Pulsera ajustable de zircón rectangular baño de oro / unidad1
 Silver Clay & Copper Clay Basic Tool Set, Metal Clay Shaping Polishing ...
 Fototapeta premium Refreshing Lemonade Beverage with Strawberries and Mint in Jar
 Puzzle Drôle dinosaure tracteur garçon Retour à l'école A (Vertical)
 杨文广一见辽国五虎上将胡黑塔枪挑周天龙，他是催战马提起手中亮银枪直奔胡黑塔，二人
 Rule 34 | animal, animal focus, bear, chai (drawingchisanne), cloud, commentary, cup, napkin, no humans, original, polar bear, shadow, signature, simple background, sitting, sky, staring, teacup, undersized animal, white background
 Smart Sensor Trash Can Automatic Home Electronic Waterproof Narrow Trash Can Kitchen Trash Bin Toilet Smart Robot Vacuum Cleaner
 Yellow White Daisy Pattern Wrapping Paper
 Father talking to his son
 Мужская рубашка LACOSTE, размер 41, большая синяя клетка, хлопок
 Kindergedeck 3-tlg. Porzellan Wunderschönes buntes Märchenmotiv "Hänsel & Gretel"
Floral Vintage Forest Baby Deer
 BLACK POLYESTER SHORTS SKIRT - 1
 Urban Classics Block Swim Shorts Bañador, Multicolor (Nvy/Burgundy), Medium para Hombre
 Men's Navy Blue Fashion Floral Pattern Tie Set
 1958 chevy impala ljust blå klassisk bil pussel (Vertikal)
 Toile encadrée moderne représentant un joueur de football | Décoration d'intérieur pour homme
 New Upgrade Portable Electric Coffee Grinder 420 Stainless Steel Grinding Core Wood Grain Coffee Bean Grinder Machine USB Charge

....

TASK STATEMENT –
State how many lines of the listing above hold the word "Pattern", with nothing but the number.

ANSWER FOR THE TASK –
2